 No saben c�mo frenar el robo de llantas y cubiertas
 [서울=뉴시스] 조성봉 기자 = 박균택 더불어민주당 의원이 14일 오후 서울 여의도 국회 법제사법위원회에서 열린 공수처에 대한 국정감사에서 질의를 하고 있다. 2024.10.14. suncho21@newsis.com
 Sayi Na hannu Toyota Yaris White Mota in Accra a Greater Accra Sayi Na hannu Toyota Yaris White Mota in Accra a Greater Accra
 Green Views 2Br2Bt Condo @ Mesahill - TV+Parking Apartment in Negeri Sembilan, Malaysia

* * *

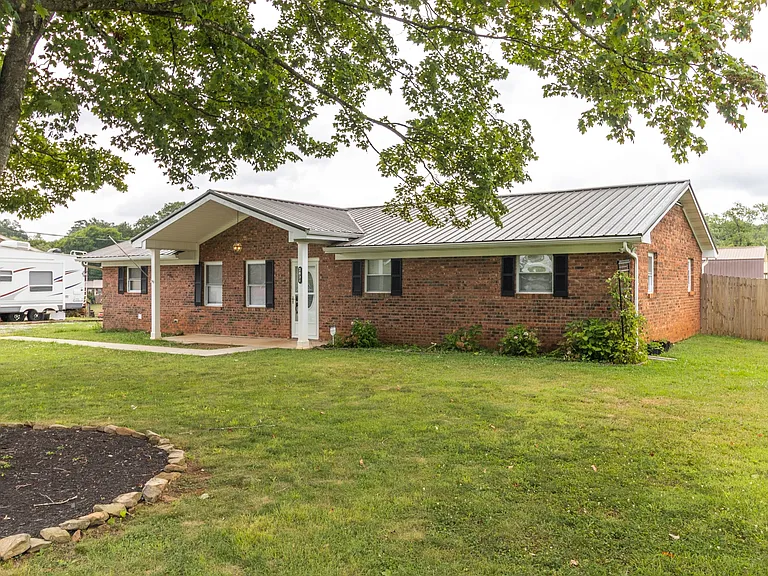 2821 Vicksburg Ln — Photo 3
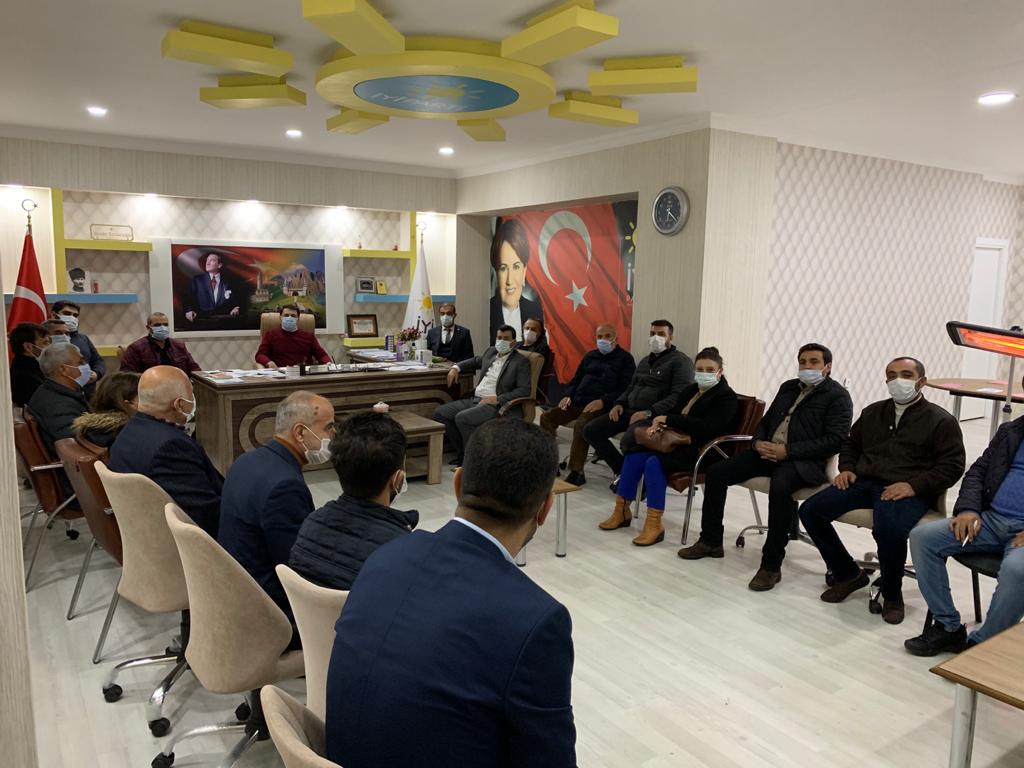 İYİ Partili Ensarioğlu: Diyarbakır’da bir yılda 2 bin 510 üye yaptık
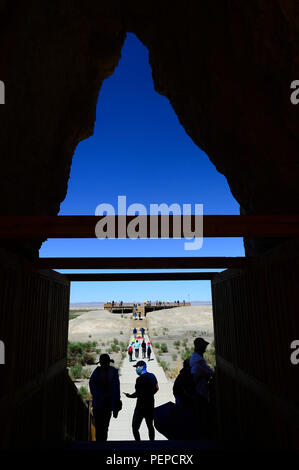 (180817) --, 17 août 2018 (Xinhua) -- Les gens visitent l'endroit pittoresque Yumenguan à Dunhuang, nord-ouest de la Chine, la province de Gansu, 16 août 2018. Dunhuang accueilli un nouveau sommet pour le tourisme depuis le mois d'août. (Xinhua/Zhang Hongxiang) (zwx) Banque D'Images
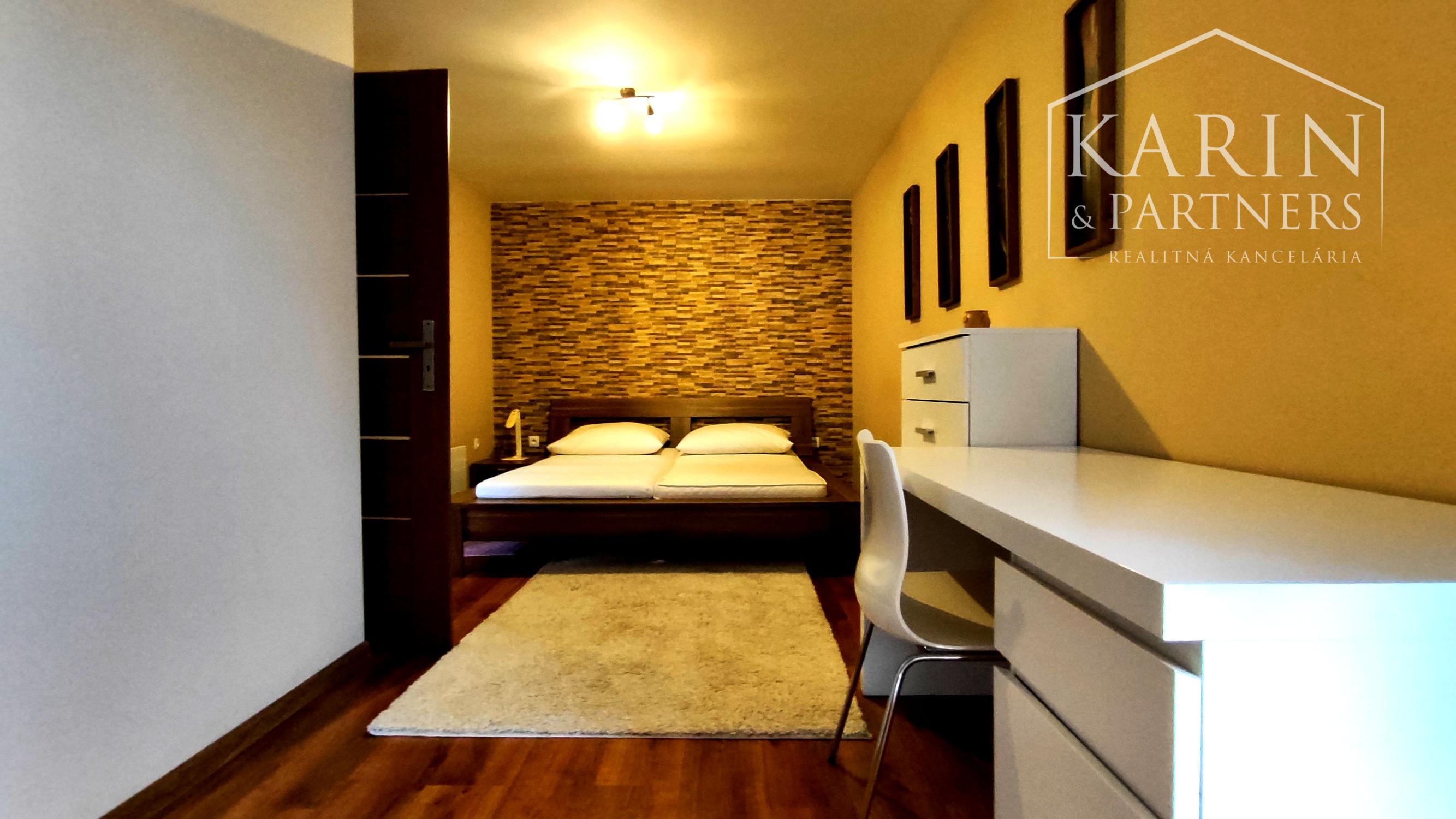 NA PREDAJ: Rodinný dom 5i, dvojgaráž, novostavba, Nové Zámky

*WHAT THE TASK REQUIRES*: Would you write out exactly the lines above, starting at the line containing "(180817) --, 17" and stopping after the line containing "NA PREDAJ: Rodinný"? Omit the pictures.

*RESULT FOR THIS TASK*:
 (180817) --, 17 août 2018 (Xinhua) -- Les gens visitent l'endroit pittoresque Yumenguan à Dunhuang, nord-ouest de la Chine, la province de Gansu, 16 août 2018. Dunhuang accueilli un nouveau sommet pour le tourisme depuis le mois d'août. (Xinhua/Zhang Hongxiang) (zwx) Banque D'Images
 NA PREDAJ: Rodinný dom 5i, dvojgaráž, novostavba, Nové Zámky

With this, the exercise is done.